La tragica fine di Paolo Bagnato lasciò sgomenta l’intera comunità bagnarese, tuttavia solo dieci anni più tardi furono assicurate alla giustizia tre persone per questo vile omicidio. L’omicidio di un uomo che stava solamente svolgendo il suo lavoro e avrebbe voluto ricevere il compenso che gli spettava, un uomo che non si è piegato di fronte alla prepotenza della mafia, un uomo che non aveva nessuna colpa. A noi tutti l’impegno di ricordare questo eroe semplice, ucciso a soli 51 anni, che con la sua vita voleva contribuire a cambiare questa nostra bellissima terra.

Il CNDDU mette in evidenza di quanto sia difficile lavorare in un contesto in cui pressioni, solleticazioni negative e compromessi sono molto diffusi.
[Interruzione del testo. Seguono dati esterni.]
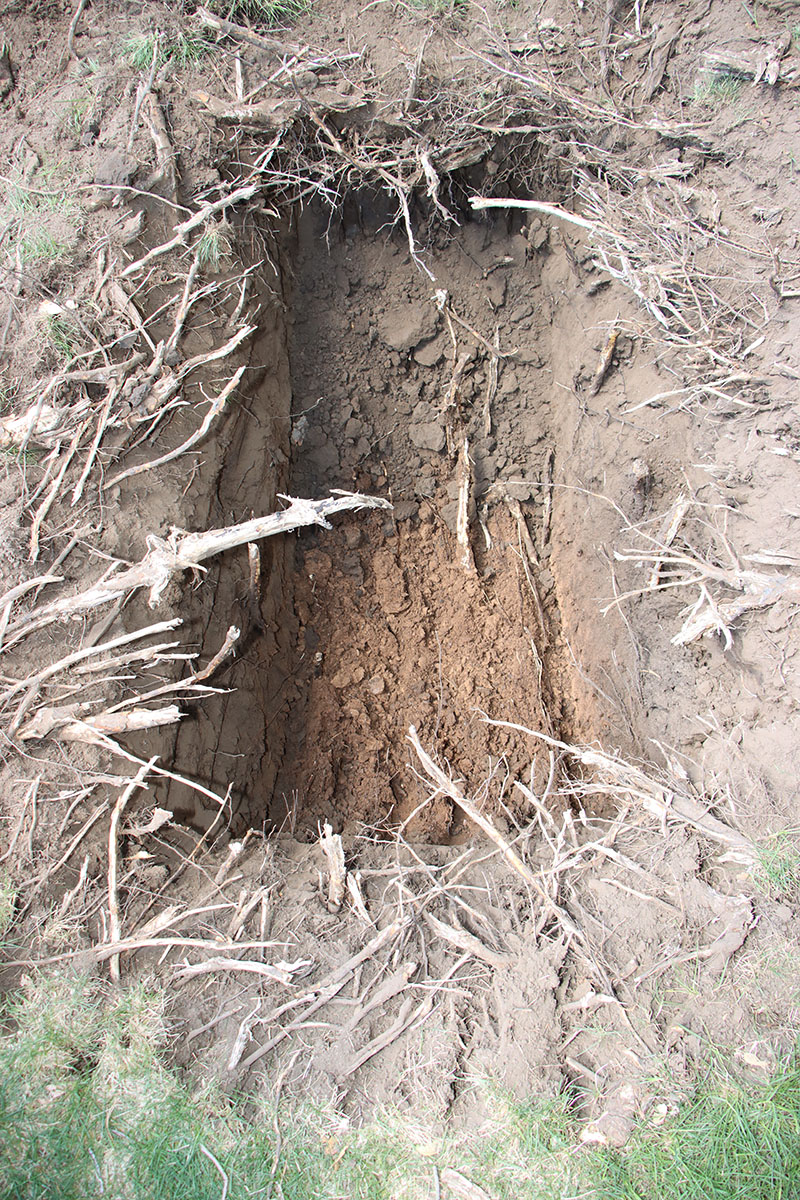 Davis County Sheriff's Office detectives excavated the backyard of a home on Gilman Drive in Layton on May 8, 2025. Detectives believed the remains of Nancy Perry Baird might be located on the property. No human remains were discovered as a result of the excavation.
Paolo ebbe un gran coraggio a mettersi in gioco e a tramandare l’esempio alle giovani generazioni di una personalità limpida e fiera.

 La triste vicenda di Paolo, come tutte le altre, ci ricorda che, condividendo e alimentando gli stessi ideali si può incidere profondamente sulla propria realtà.

Il Coordinamento Nazionale Docenti della disciplina dei Diritti Umani rileva come il progetto “#inostristudentiraccontanoimartiridellalegalità” stia diffondendo tra le giovani generazioni volti, storie, episodi veramente straordinari per la loro valenza educativa.